Was sind die zentralen Themenfelder der Analyse?
Die zentralen Felder umfassen die Kompetenz der Vergütungsregelung, die Kriterien für eine angemessene Vergütungsstruktur, die Transparenzpflichten sowie die empirische Entwicklung der Vergütungshöhen.
Was ist das primäre Ziel der Untersuchung?
Das Ziel ist die Analyse der praktischen Ausgestaltung von Vorstandsvergütungen und eine kritische Würdigung der gesetzlichen Anforderungen durch das VorstAG.
Welche wissenschaftliche Methode wird verwendet?
Der Autor führt eine umfassende Literaturrecherche zu rechtlichen Grundlagen durch und kombiniert diese mit einer empirischen Auswertung der Geschäftsberichte von über 120 Unternehmen.
Was wird im Hauptteil der Arbeit behandelt?
Der Hauptteil gliedert sich in die Untersuchung der Entscheidungskompetenzen, die detaillierte Darstellung von Vergütungsfaktoren wie Nachhaltigkeit und Üblichkeit sowie die Analyse der Publizität und empirischer Daten.

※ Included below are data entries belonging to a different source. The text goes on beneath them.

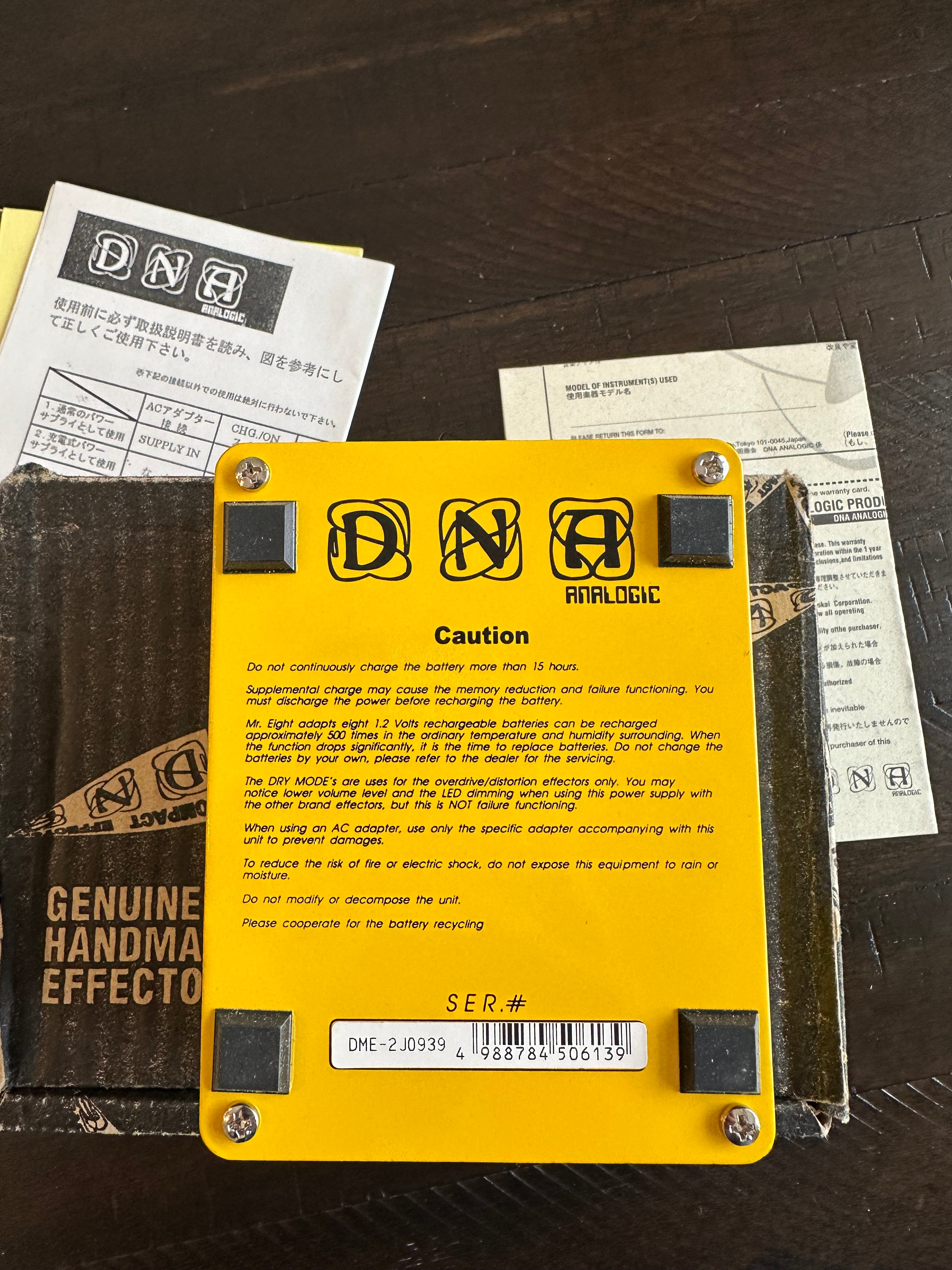 DNA Mr. Eight ME-1 Portable Power Supply - Image 2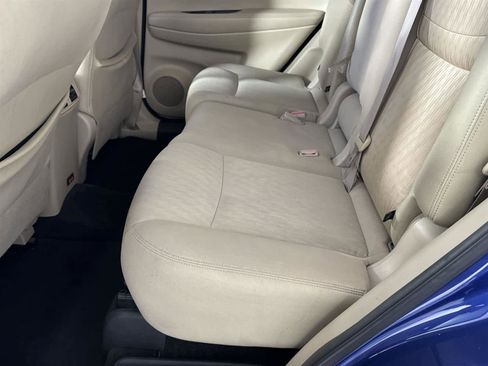 Used 2020 Nissan Rogue SV image 13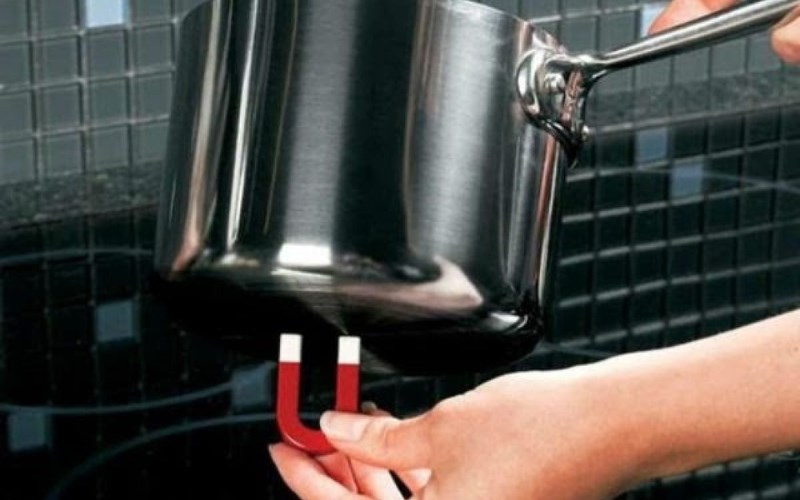 D&ugrave;ng nam ch&acirc;m để kiểm tra đ&aacute;y nồi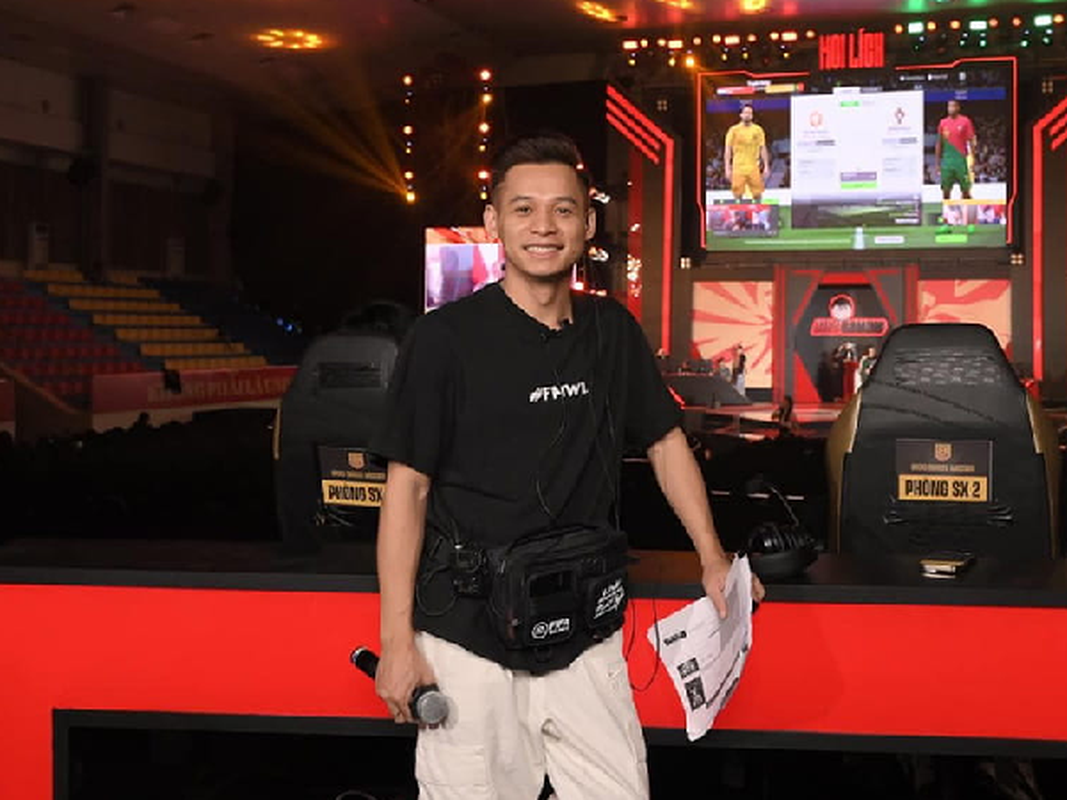 ben trong dinh thu 7 tang hoanh trang cua streamer top 1 viet nam dspl 3 ben trong dinh thu 7 tang hoanh trang cua streamer top 1 viet nam dspl 3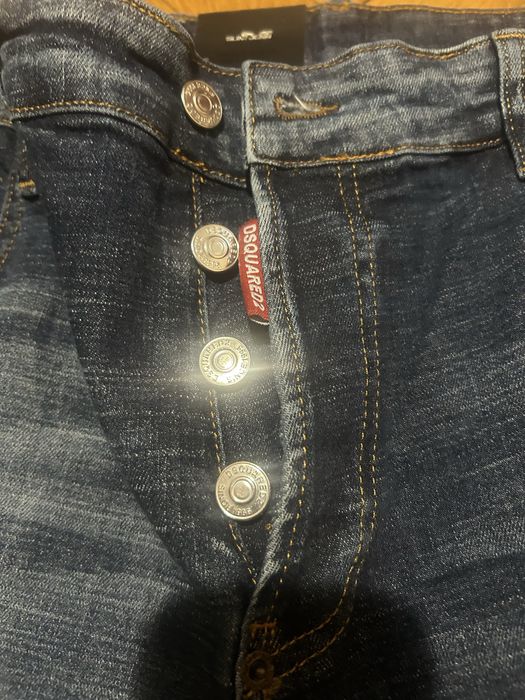 Дънки на DSQUARED2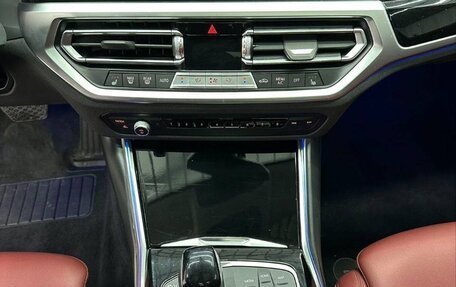 BMW 3 серия, 2022 год, 3 254 000 рублей, 10 фотография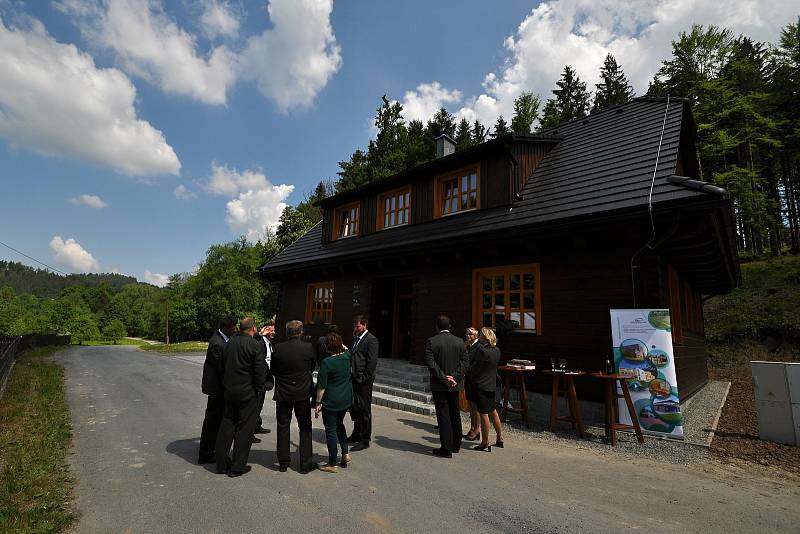 Slavnostní otevření nové hájovny, kterou ve Valašské Bystřici postavily Lesy ČR. Stojí na místě roubenky z roku 1920, která se přesouvá do nově vznikajícího areálu Kolibiska ve Valašském muzeu v přírodě v Rožnově.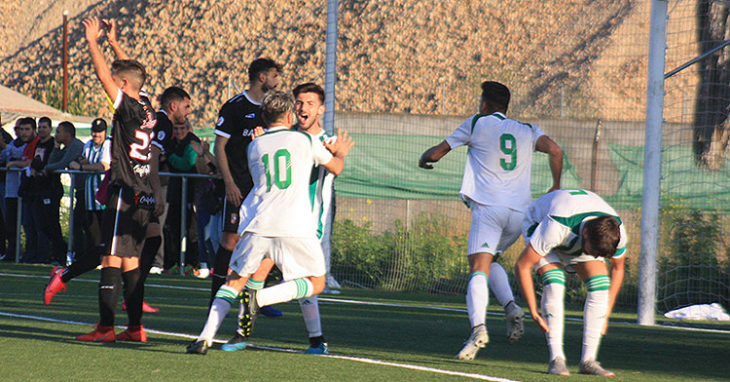 Vera sale disparado a celebrar su gol del empate ante el Ceuta con sus compañeros y los aficionados cordobesistas del fondo.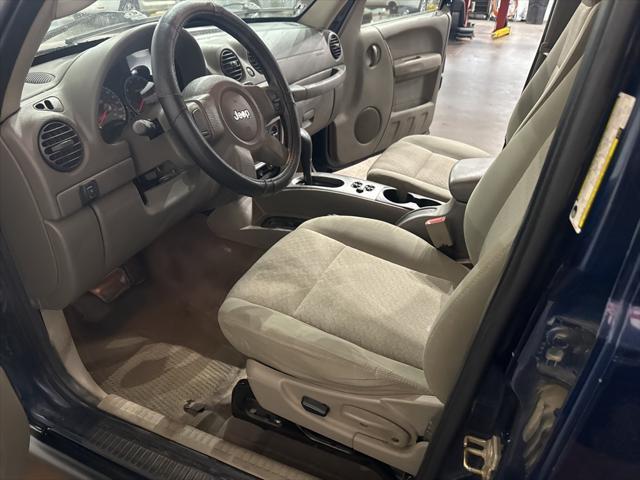 2005 jeep liberty renegade
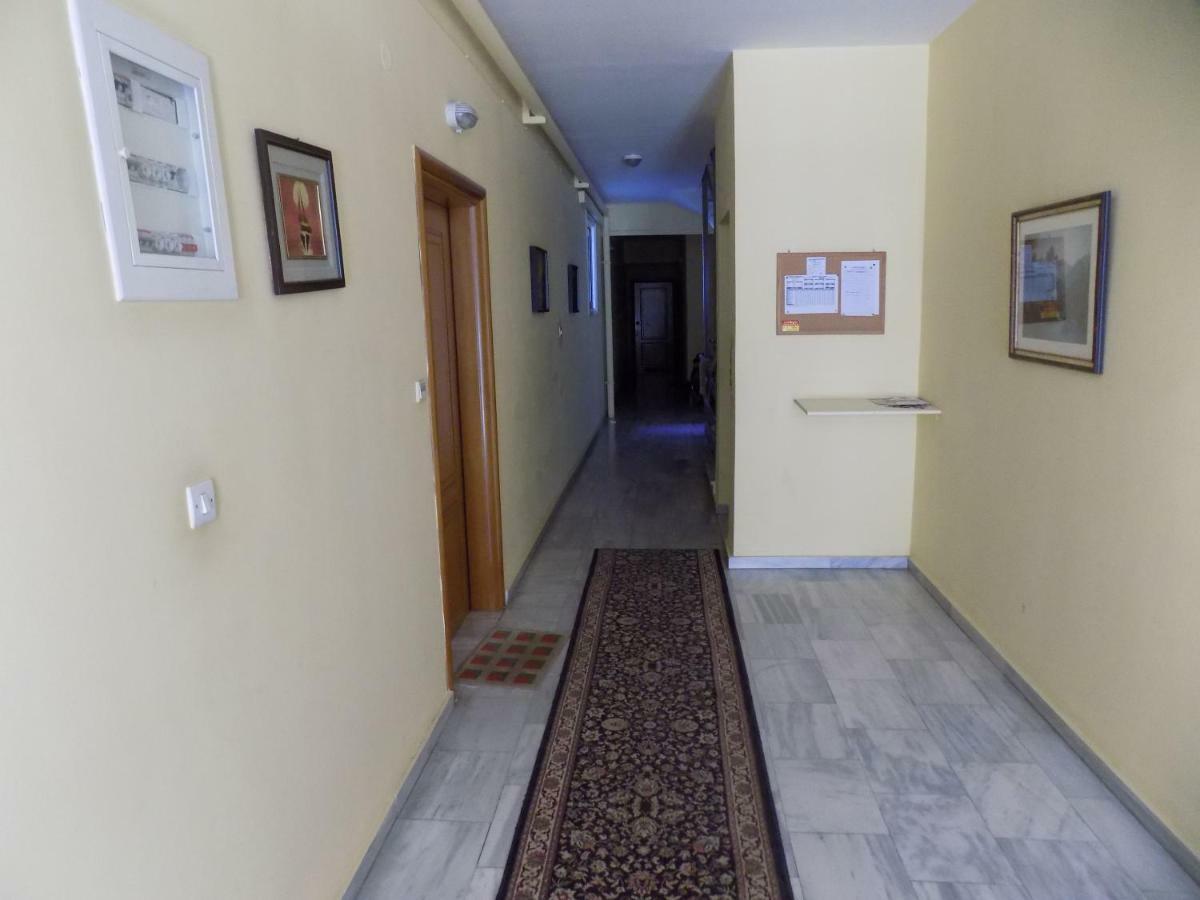 George'S Apartment In Volos Area エクステリア 写真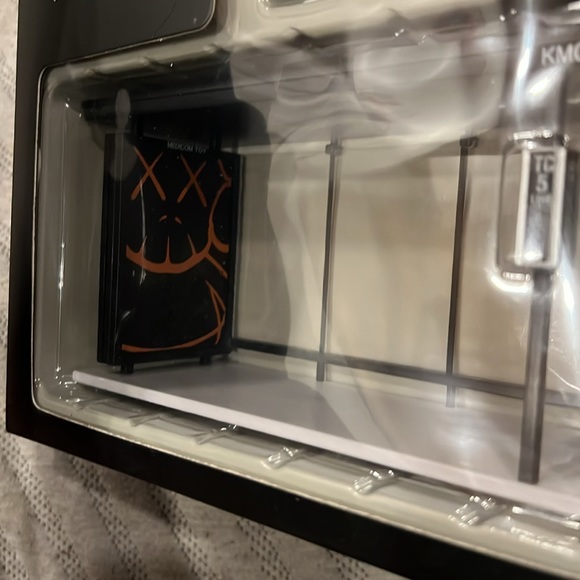 KAWS BUSTOP KUBRICK MEDICOM TOY - Picture 4 of 6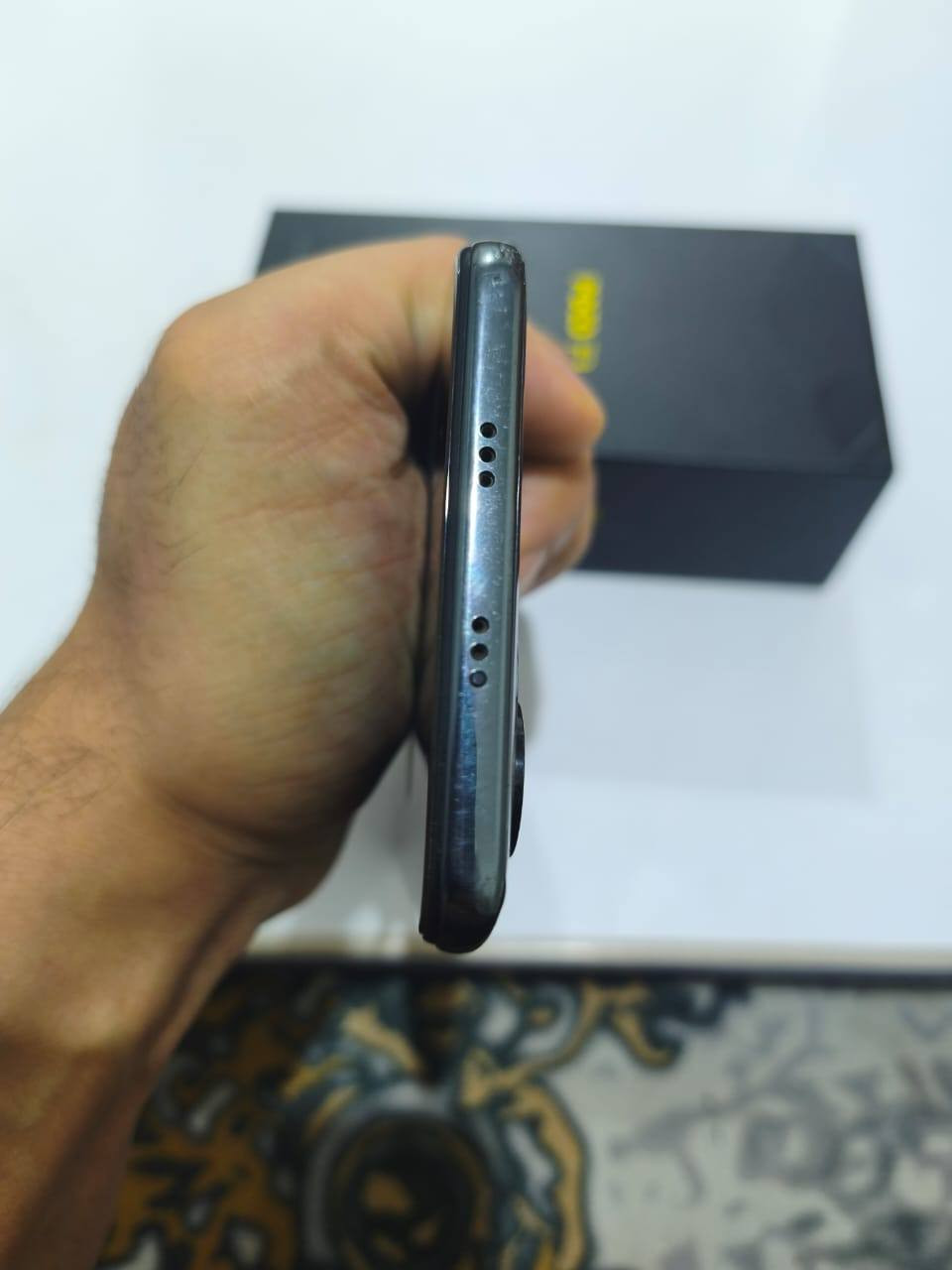 السلام عليكم جهاز بوكو F3
ذاكره 256 رام 8
ملحقات كامله كارتون مع شاحن 
سعر 225 وبي مجال قليل 
المكان نجف حي ميسان وتوصيل ماعندي رقمي ***********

Welche Schlüsselwörter charakterisieren die Arbeit?
Die Arbeit lässt sich maßgeblich durch Begriffe wie Vorstandsvergütung, VorstAG, Corporate Governance, Angemessenheit und empirische Untersuchung beschreiben.
Welche Auswirkungen hatte die Wirtschaftskrise auf die Vorstandsvergütung?
Die empirische Untersuchung zeigt deutlich, dass die Vorstandsvergütungen im Zuge der Krise 2008 in der Höhe abgenommen haben, da die Vorstände über variable Vergütungsbestandteile an den schlechteren Konzernergebnissen partizipierten.
Warum ist das Kriterium der „Üblichkeit“ rechtlich problematisch?
Das Kriterium gilt als unpräzise und führt zu Unschärfen, da es keine klare Definition liefert und die Gefahr birgt, dass Unternehmen eine stetige Aufwärtsbewegung der Gehälter mit dem Hinweis auf Wettbewerber rechtfertigen.